Wehn some posts nasty comments about me or Prime, I feel that
reflects more on the poster than on me, and does not, therefore
require a response.
The Internet is now an international playpen, and it is essential
that Internet mail support _all_ of its users languages as expediently
as possible without compromising the final result. We can ignore
the kid in the corner, bawling his eyes out over the demise of
his US-centric network. :-)
Best Regards,
Robert Ullmann
Network Working Group D. Robinson, R. Ullmann
Internet Draft Prime Computer, Inc.
October 1991
International character support in SMTP
1. Status of this Memo
This memo describes an update to the SMTP protocol, and to the format
of an Internet mail message, to provide support for the character
sets used in the world's many languages. This memo documents existing
usage as well as specifying some additional interoperability
refinements. It updates RFCs 821, 822, and 1090 [4, 1, 6].

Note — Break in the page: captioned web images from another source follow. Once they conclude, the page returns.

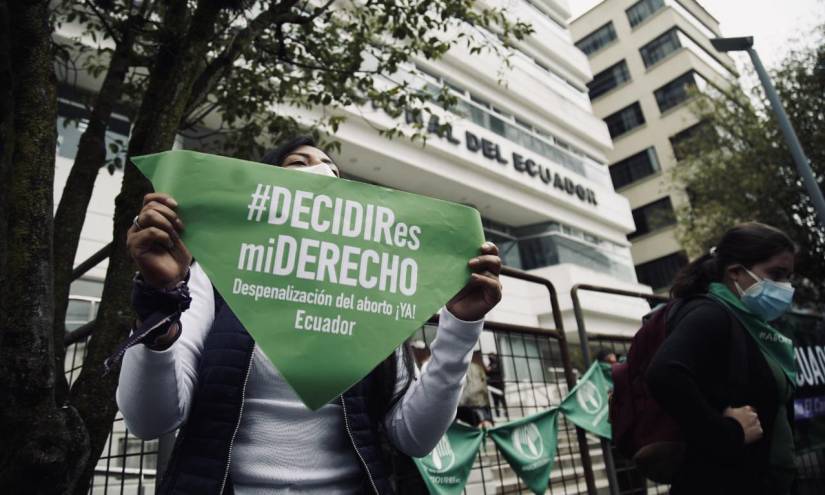 ¿Por qué la Corte Constitucional despenalizó el aborto por violación en Ecuador?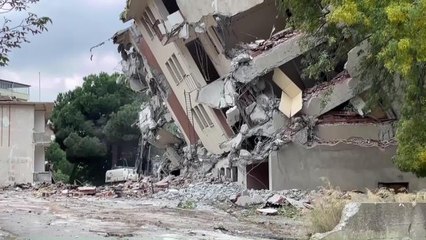 Sinop'ta Yıkım Esnasında Yan Yatan Bina Panik Yarattı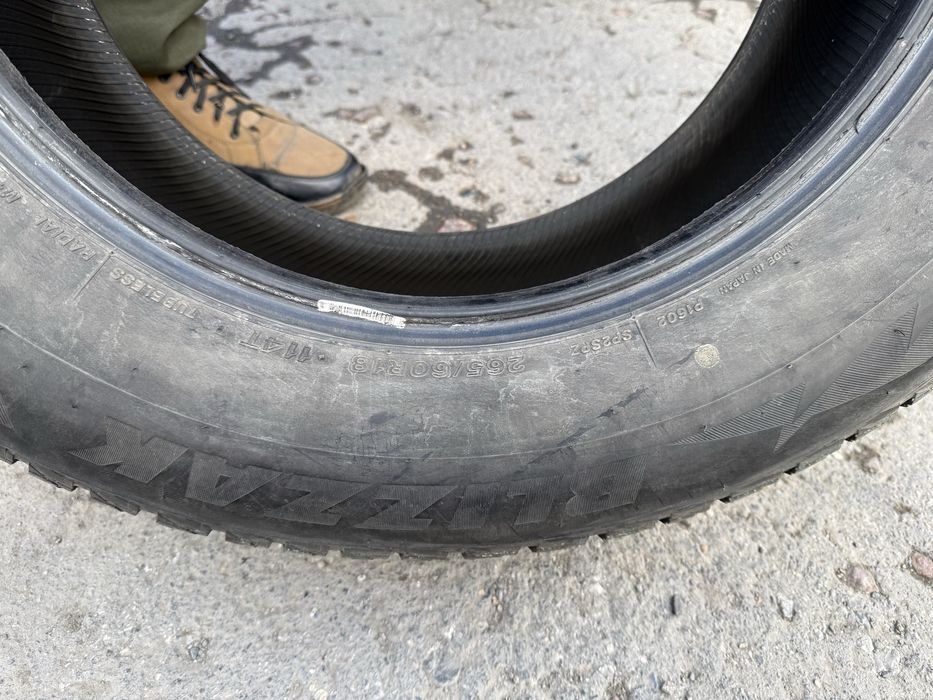 Продам шины  bridgestone blizzak  265/60 R18  б/у ,как новые!!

The Internet is no longer a creature of the United States, much less
of DARPA (the US Defence Advance Research Projects Agency). It is now
an international network, and the ability to communicate in any of
the world languages on an equal footing is an imperative.
This draft attempts to track the development of ISO 10646 [3], a
moving target at this writing. The reference citation below is to the
previous 10646 draft, with failed in the balloting in June of 1991.
It is therefore expected that this memo will potentially change until
the publication of IS 10646. Some of the following text refers to
10646 in the present tense, as if it is IS now; it should be
understood in this context.
Distribution of this memo is unlimited.
2. Introduction
SMTP has been defined over the TCP as a 7 bit text protocol. While
there is some dispute as to whether this is actually a restriction,
the question is now mooted: Internet mailers are required to pass
the 8th bit when relaying Internet mail on the TCP. It is understood
that some time will pass before all Internet Mail Transfer Agents
(MTAs) can be expected to comply with the new requirement. This
explicitly modifies the provisions of RFC 821 [4].
In addition, a conceptual basis and a specific header field are
described for designating the character set(s) used, when that
character set is not ASCII-7 or AUC (see below); this provides
documentation of character sets being used presently in the Internet,
in the absence of the ISO universal set standard.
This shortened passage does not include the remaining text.